Iran Middle East Politics & Diplomacy

IranSource

April 21, 2021

More questions than answers about Iran’s nuclear intentions

By Frederic C. Hof

If negotiations aimed at reviving the Joint Comprehensive Plan of Action (JCPOA) nuclear talks fail and economic sanctions on Iran remain in place, would Tehran seek to field nuclear weapons? Is eventual nuclear weaponization an Iranian objective even if the JCPOA comes back into full effect? Or is it true, as some Iranian officials—even the Supreme Leader—have claimed, that Iran has no interest in becoming a nuclear weapons power?

These questions may not be easily answerable, even for American intelligence analysts doing their best to inform policymakers. Iranian officials themselves may not know the final answers. Or perhaps they do. As I’ve reported previously, track two discussions with senior Iranian academics and former officials held in Copenhagen between 2013 and 2015 produced an interesting, if not authoritative clue. 

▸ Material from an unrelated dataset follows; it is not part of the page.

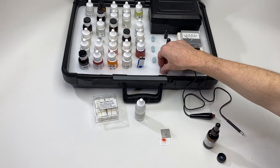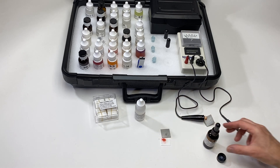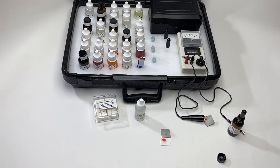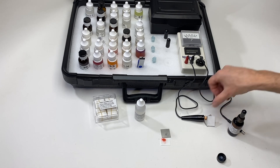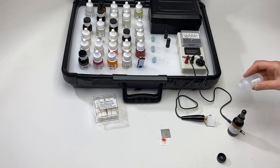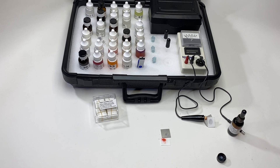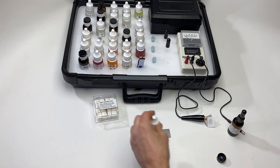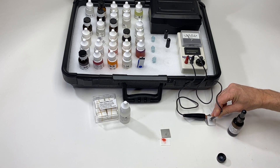Let's try another sample. Attach the alligator clip, add the 0100 test paper, a drop of solution 6, and we'll do the same thing again — 10 seconds. I'm just going to watch the timer go up to the number 20.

In a long conversation centering on the prospects and prerequisites for a nuclear deal, the Iranian team argued that developing and deploying nuclear weapons would be contrary to Iran’s interests.  Iran, they pointed out, had made tremendous political-military progress in places like Lebanon, Iraq, and Syria without nuclear weapons. If Iran went nuclear, they argued, so would everyone else in the neighborhood. Nuclear proliferation would thus make every Iranian regional foray a potential nuclear crisis. This, they noted, would be operationally crippling. One Iranian even downplayed the importance of Supreme Leader Ayatollah Ali Khamenei’s fatwa against nuclear weapons, saying it was much less a matter of theology than it was manifestly in the national interests of Iran to rely exclusively on non-nuclear means for power projection.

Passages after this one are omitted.